Président de la République : M. Teodoro Obiang Nguema Mbasogo

Premier Ministre, chef du gouvernement : M. Francisco Pascual Obama Asue

Ministre des Finances et du Budget : M. Miguel Engonga Obiang Eyang

Ministre de l’Economie, de la Planification et des Entreprises publiques : M.Eucario Bakale Angüe

Ministre du commerce : M. Antonio Pedro Olivera Boropu.

 

1. Situation politique

Le président Obiang (74 ans), au pouvoir depuis 1979 suite à un coup d’Etat, a été réélu pour un nouveau mandat de 7 ans lors de l’élection présidentielle du 24 avril 2016 avec 93,7% des voix.

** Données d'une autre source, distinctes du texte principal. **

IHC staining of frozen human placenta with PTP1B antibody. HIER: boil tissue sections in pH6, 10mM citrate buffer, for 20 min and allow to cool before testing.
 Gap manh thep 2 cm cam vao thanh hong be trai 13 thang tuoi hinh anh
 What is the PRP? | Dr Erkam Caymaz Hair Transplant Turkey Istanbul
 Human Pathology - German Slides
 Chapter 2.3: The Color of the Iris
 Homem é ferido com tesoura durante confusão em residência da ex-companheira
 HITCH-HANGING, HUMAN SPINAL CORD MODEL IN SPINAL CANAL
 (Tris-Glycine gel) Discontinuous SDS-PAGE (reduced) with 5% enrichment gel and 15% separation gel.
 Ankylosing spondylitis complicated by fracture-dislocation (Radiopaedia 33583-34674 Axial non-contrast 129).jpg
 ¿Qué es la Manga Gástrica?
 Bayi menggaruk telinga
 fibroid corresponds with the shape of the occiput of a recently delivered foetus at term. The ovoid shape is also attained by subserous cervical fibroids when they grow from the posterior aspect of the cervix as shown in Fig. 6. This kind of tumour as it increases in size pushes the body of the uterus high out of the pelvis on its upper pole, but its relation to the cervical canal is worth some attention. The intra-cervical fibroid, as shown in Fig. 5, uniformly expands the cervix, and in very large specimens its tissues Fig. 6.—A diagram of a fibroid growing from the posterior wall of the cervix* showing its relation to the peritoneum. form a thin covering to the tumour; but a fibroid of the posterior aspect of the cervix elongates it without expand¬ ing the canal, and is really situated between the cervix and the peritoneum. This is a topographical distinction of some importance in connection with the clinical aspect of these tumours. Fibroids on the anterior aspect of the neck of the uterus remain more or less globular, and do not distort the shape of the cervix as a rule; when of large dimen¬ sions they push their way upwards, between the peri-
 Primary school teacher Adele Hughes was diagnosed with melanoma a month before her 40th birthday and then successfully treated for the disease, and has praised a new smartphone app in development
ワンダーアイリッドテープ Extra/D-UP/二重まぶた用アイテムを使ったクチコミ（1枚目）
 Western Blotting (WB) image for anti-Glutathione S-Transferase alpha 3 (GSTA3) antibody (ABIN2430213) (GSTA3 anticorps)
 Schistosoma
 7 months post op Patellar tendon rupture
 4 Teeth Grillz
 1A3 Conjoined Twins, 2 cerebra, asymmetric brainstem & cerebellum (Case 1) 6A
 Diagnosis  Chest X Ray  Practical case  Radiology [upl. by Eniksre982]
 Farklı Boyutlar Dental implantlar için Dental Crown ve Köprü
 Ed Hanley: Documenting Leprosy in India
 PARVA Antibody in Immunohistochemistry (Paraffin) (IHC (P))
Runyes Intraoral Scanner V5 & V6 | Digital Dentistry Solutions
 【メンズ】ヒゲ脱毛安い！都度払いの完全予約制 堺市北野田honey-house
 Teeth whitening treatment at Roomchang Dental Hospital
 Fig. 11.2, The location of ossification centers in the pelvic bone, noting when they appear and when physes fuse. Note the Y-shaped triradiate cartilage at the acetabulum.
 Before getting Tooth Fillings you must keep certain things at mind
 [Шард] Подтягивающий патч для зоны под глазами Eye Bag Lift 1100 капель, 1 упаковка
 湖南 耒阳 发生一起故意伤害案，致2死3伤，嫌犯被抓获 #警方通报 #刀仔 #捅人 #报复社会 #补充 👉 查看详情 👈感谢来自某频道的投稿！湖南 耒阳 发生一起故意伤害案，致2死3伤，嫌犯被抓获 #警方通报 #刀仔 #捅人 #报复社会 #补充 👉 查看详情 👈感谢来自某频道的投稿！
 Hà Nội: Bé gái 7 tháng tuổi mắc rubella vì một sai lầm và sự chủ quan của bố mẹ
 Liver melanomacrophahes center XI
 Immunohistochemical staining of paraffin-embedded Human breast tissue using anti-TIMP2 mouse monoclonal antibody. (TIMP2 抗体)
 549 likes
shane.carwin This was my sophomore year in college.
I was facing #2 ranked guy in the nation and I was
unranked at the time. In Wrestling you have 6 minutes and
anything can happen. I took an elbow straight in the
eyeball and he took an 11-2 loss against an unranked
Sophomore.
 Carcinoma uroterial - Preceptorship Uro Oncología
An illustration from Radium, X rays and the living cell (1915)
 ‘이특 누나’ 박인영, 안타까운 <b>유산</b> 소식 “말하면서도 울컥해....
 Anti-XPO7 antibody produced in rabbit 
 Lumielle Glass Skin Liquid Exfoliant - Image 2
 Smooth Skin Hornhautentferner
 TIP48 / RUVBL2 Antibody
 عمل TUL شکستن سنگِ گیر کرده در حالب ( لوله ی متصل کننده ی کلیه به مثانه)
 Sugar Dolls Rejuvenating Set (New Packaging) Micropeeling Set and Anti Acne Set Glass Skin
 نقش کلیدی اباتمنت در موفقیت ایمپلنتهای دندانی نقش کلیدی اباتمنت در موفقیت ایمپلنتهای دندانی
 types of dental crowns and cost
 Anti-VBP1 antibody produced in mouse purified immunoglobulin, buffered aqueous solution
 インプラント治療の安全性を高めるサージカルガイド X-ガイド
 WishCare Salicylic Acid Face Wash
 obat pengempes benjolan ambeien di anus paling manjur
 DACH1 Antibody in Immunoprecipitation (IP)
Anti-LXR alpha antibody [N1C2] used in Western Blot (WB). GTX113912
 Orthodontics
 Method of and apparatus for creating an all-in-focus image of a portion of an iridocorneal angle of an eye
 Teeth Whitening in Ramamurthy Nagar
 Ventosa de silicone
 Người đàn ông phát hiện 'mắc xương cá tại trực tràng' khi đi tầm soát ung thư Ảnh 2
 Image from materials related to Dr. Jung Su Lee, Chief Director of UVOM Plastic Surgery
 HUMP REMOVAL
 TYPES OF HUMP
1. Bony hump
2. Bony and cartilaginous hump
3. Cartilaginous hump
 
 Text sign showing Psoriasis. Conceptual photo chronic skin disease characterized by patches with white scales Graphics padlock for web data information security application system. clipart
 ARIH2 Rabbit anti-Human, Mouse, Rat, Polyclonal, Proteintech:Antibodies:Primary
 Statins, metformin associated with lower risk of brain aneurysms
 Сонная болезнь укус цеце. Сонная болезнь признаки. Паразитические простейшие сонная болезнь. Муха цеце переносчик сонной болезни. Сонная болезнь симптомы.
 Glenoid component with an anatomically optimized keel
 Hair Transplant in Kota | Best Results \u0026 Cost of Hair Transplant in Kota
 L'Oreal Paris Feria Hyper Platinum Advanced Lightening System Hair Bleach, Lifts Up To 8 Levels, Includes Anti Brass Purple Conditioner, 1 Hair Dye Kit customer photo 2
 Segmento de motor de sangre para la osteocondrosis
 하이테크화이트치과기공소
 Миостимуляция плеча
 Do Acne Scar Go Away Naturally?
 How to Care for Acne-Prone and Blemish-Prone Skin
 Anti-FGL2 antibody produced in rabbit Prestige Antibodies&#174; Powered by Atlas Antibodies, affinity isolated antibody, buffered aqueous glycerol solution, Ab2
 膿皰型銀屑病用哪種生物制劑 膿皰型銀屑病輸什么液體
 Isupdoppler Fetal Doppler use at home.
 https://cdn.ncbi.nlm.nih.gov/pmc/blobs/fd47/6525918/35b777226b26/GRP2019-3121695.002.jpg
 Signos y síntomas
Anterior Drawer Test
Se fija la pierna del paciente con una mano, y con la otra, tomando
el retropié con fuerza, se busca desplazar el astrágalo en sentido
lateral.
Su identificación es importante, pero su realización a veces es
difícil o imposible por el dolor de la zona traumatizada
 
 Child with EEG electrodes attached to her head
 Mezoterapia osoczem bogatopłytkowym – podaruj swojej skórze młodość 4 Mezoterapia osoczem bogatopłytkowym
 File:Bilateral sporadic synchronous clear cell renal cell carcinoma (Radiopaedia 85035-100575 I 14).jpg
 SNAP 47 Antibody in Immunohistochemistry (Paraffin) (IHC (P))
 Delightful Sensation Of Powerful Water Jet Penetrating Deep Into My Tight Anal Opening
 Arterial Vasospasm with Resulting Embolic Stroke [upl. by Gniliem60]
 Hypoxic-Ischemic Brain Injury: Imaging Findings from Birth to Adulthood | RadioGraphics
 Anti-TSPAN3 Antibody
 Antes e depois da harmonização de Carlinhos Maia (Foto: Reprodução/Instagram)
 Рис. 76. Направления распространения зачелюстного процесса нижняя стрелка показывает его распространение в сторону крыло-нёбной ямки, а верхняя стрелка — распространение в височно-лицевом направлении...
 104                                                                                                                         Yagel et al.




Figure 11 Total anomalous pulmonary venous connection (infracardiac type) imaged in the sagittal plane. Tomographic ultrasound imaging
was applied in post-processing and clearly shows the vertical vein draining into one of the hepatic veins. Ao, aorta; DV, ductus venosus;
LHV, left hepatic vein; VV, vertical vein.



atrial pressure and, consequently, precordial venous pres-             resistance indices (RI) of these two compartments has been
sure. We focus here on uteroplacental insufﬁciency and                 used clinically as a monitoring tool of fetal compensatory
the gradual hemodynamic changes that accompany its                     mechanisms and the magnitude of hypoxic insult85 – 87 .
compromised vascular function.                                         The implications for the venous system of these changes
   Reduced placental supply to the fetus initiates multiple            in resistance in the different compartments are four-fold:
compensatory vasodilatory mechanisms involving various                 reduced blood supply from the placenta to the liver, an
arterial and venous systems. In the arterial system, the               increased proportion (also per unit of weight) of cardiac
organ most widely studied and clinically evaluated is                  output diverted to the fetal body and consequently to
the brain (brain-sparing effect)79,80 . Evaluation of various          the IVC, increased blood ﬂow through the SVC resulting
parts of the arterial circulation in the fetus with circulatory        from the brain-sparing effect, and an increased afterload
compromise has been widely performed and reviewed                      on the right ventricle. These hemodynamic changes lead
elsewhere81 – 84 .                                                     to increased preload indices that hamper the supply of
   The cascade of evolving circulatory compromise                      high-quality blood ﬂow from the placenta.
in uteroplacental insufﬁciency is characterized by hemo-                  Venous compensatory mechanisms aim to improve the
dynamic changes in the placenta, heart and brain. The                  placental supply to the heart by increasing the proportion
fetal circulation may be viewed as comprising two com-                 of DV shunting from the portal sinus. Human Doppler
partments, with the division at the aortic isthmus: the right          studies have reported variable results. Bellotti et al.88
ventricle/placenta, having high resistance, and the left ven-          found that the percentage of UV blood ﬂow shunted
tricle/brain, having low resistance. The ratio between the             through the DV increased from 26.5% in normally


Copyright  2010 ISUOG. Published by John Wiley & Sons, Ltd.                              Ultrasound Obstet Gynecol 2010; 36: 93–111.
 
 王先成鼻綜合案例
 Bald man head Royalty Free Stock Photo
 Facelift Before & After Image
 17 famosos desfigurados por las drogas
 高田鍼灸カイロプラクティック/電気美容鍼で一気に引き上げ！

Les avancées de l’affaire dite des « biens mal acquis », déclenchée suite à une plainte de Transparency International contre la famille Obiang, ont refroidi les relations avec la France.

2. Situation économique et financière

2.1 Eléments structurels sur l’économie

L’économie équato-guinéenne a été bouleversée par la découverte du champ pétrolier Zafiro en août 1996. Au cours de la décennie 2000, le PIB a été multiplié par plus de 10. Aujourd’hui, c’est une économie quasi monoproductrice d’hydrocarbures qui représentent 99% des exportations. Le gaz et le pétrole sont exploités par les entreprises anglo-saxonnes (Hess, ExxonMobil, Marathon, Noble) et minoritairement japonaises (Marubeni et Mitsui), dans la liquéfaction de gaz. La production a entamé un déclin qui devrait se poursuivre graduellement à moyen terme, les principaux champs étant matures. Les réserves de pétrole prouvées se chiffrent à 1,2 milliard de barils soit environ 10 années de production au rythme actuel. Huit nouveaux contrats d’exploration d’hydrocarbures ont toutefois été signés, dont quatre on shore (Rio Muni, partie continentale). Le potentiel gazier parait élevé; la construction d’un second train de liquéfaction alimenté uniquement à partir des ressources équato-guinéennes était envisagée avant la baisse des cours, de même qu’un complexe pétrochimique également autoalimenté. La production des sites existant a toutefois commencé à décliner fortement.

Les autres activités du secteur primaire  (agriculture, pêche, sylviculture) ont été marginalisées.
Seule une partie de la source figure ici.